I look back at Jim and the raw talent. Everything he said was funny. He couldn’t help himself. 4th grade was the only time we ever really hung out. He kept trying to tell me “KISS” was the greatest band ever but for me at that time I only listened to Billy Joel, or…Barry Manilow (hey, “Copacobana” could be the best song of all time).

 

“Two men spit in their hands, help each other out, then laugh about it later. Just to be silly”

“I don’t wear rubbers cause you can’t catch it twice”

“I am so ugly, if I got a girl pregnant she would throw herself down a flight of stairs”

 

And yet despite the fact that all of us were constantly laughing whenever he opened his mouth I still read about all the effort, the persistence, the sheer mania, he had to go through in order to rise up in the comedy world. How he studied the greats, emulated them, performed at the crappiest dives, rose up bit by bit despite the hardship. Nothing was easy for him. If he had ever given up, he never would’ve been the successful comedian we all took for granted he would be. His talent was worth nothing.  I was even surprised to read about a suicide attempt when he was 18. I didn’t know. I was too busy in my own fantasy world.

 

“I had AIDS, but I beat it with Advil”

“If I was a girl, I’d have a miscarriage right now”

“Look at that little bloody thump on the floor, that was gonna be something!”

 

I didn’t really know him at all when we were older. I wish I had made more of an effort to make more friends in high school with the people I legitimately liked. But I kept to myself. I played chess. I rode my bicycle in my neighborhood.

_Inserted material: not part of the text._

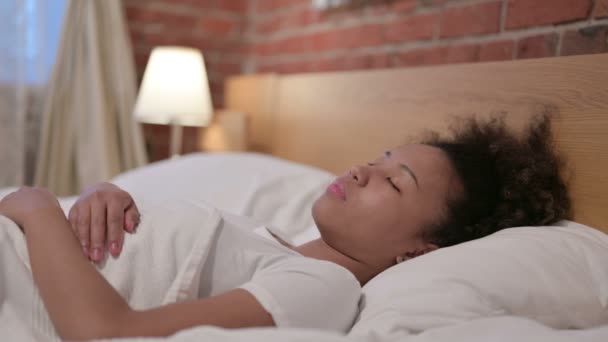 Африканська жінка кашляє під час сну в ліжку — стокове відео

I waited for the hell of suburbia to be over, so that real life could begin. The suburban night comes to an end with the locks of the garage doors opening with metallic slowness, the extra-wide roads creeping to life, the pretentious cadillacs moving like reptiles in a fogged line so they can get to the city and begin ordering around the slaves around and climb on their backs to be Vice-Presidents of Something, Inc. They get to work, quickly wash their faces with daylight, their faces becoming pale, pasty, ugly, old, forgotten, in that order, as the humor leaves their bodies with their youth, and only the unlucky ones survive til death with nothing permanent to show for it other than another generation to take their place.

I didn’t make too many friends, thinking that one day the exact thing my parents generation worshipped: money, would be mine and I would be finally happy. As a youth I fantasized about the money. And when I had a bit of money, poverty grasped me like a scorned lover and wouldn’t let go. I fantasized about  the kids that tortured me. They would come to me when we were older,  looking for jobs and I would string them along until I finally said “NO!” and they would cry hopelessly. In my head I was as mean and cruel as any kid that tortured me. Now I want my youth back, to reverse those fantasies, to reverse that cruelty, to cure in advance the shame that plagued the next thirty years of my life. To become friends with the people who I had been afraid of.

Maybe Jim tried to kill himself at 18 because he saw the joke before the rest of us did. Jim Norton was funnier by far than all of the kids I grew up with. We were constipated with life and he had crapped it all out. But what made him a comedian was not his enormous talent, or his ability to see through the lies – so easily funnier than the rest of us, but the persistence, mania, tireless study of his peers, and the pursuance of the dream that left the rest of us behind when all we do is weep and sleep.